Interviewed by Rachel Ralston, LDC Principal
We are excited to announce the newest addition to the LDC team, Mitch Wippern, who is joining us as a Senior Principal on the Homelessness Solutions Team! Mitch has more than 20 years of experience designing, implementing, and managing change initiatives in public sector agencies. He led the redesign and implementation of Napa County’s supportive housing and homelessness services system, transforming it from an isolated, high-barrier, low-performance system to an integrated, low-barrier, high-performing system. He also wrote and led the implementation of Napa’s Whole Person Care Pilot and helped to develop Napa’s No Place Like Home application.
“Communities across the country are facing the same challenges that I navigated in my public sector career,” Mitch said. “Housing costs and the numbers of homeless households across the state are up, and the challenges we all face in addressing the increase in homelessness and the demands for affordable housing are increasingly complex.”
We asked Mitch to tell us a bit more about his previous work and where he sees opportunities for innovation across affordable housing and homelessness systems. Here’s what he had to say.
LDC: What are some of the proudest achievements from your public sector housing and homelessness work that will inform your work at LDC?
I am extremely proud of the work that I led redesigning and implementing the homelessness and supportive housing system in Napa County, and of the system that we collectively built. That work involved changing the framework of the outreach, service, and supportive housing systems. It was successful because I was able to help the community accept the need to adopt and implement new approaches like Housing First, low-barrier shelters, and Coordinated Entry. The result is a system that is much more effective in meeting the needs of the community, both in reducing chronic homelessness and in increasing housing placements and stability.
Another of my proudest public sector achievements was encouraging participation from healthcare, philanthropic, law enforcement, and housing partners in efforts to address community needs. Creating that space meant more participation, more resources, and more commitment across the board. One notable achievement was a partnership between the County, the City Housing Authority, an affordable housing developer, and the local Veteran’s Administration Office to assign 17 project-based vouchers to a new housing project. Three of the vouchers were allocated to the newly adopted Coordinated Entry System. Broadening the base of participation in efforts to end homelessness is important and difficult work. It is also work that communities need to do to be successful in their efforts to end homelessness.
LDC: What skillsets and work experiences are you carrying into LDC to help our clients and partners address the affordable housing and homelessness crises in our state?
I understand the pressures that public agencies face with reduced funding and increased service demands.
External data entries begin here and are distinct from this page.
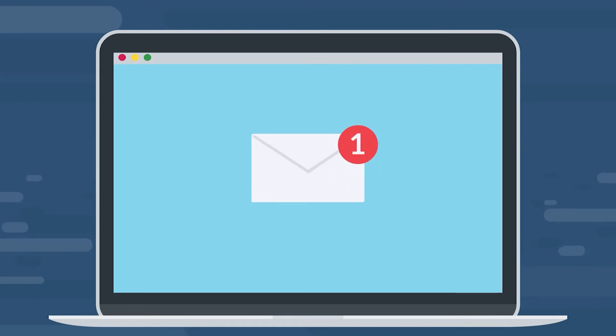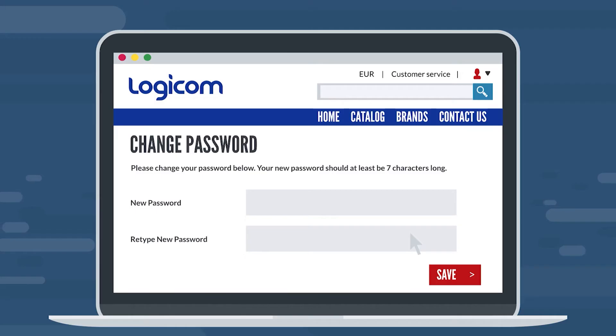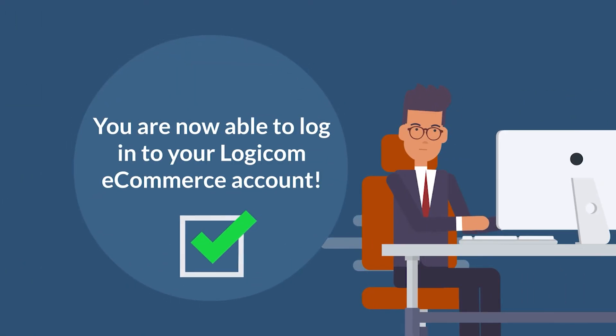The new user will receive an automated reset password email with a link to set a new password. Once the user has saved the new password, they are now able to log in to their own LogiCom eCommerce account.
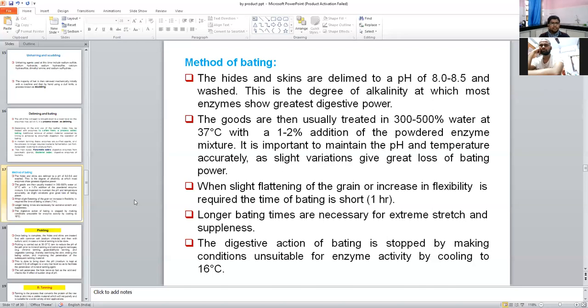Today's discussion covers up to the method of bating only. In the next lecture, we will discuss pickling and tanning operation, crusting, etc.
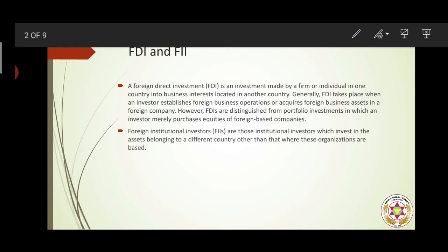When we talk about FII, it is an investment in assets like the stock market of a particular country. When foreigners try to invest in the stock market by purchasing shares of companies, that is regarded as FII — Foreign Institutional Investments. These investments are not just limited to the stock market; they are extended to other areas like the commodities market, currency market, and various other platforms where assets are being traded.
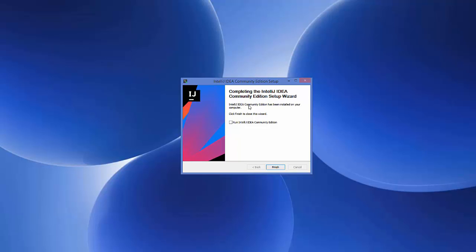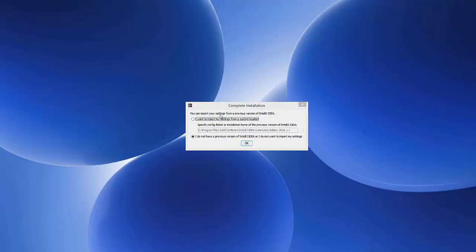The installation won't take long. Once complete, before clicking Finish, make sure to check the checkbox that says 'Run IntelliJ IDEA' so it launches immediately. Click Finish. On first launch, it will ask whether you want to import settings from a previous version — since I don't have one, I'll choose 'I do not have a previous version' and click OK.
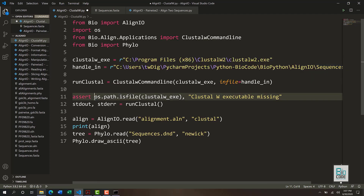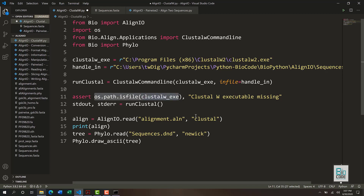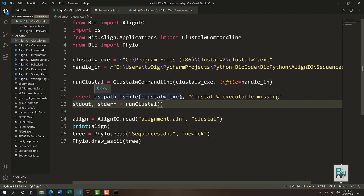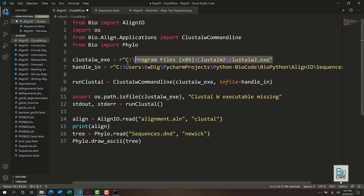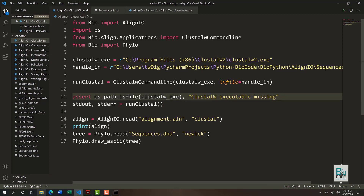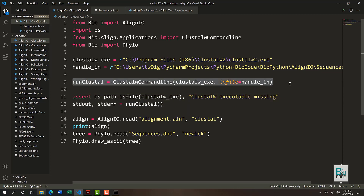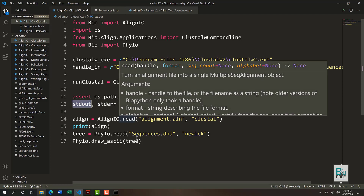After that, we assert that clustalw.exe actually exists on the computer; otherwise it will not be executed. If ClustalW is not installed or you have provided a wrong path, it will print the error that the ClustalW executable file is missing. Otherwise it will run the ClustalW function we created, start the alignment, and print any errors or positive output that result.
I have helped elected bodies to better understand complex issues and to adopt solutions that meet the needs of the entire community. I led the Napa Continuum of Care through a major redesign of the homelessness and supportive housing services system while we also adopted policies, procedures, and processes to meet the requirements of the HEARTH Act, implemented the Coordinated Entry System, and reduced system duplication. The systems that I helped to build in Napa continue to pay dividends to the community.
LDC: In your opinion, what are the next frontiers and evolving innovation opportunities in affordable housing and homelessness systems change?
It is clearer now than it has ever been that the solutions that are the most successful in addressing homelessness and supportive/affordable housing are those that are built on collaborative cross-sector systems. That combined with the new funding streams that are quickly being deployed by the state mean that agencies need to be able to respond and partner in new, quicker, and more flexible ways than they have in the past.
Agencies–nonprofit, for-profit, or public sector – all are designed to protect their own resources and systems. Successfully addressing the complexities of homelessness and affordable housing means developing cross-sector solutions that break these arbitrary barriers.
We all need to be data driven, open to new partnerships, and willing to look at contract and funding relationships in ways that might seem uncomfortable at the outset, but breaking down silos, maximizing the flexibility of available funding, and sharing and openly analyzing data are the frontiers and innovations on which we need to focus.
LDC: What do you hope our clients and partners will call you to talk about first?
I’d love to talk with our clients and partners about helping them build more flexibility and responsiveness into their homelessness services and supportive housing systems. Many jurisdictions have a short window of time in which to maximize new state funds and position themselves to be competitive for funds that will soon be available. I am looking forward to helping clients and partners design systems and programs that meet their specific needs and enable them to compete for any new funds the state may release. My goal is to have our clients and partners reach out me so that we can talk about how to design solutions that work in their community.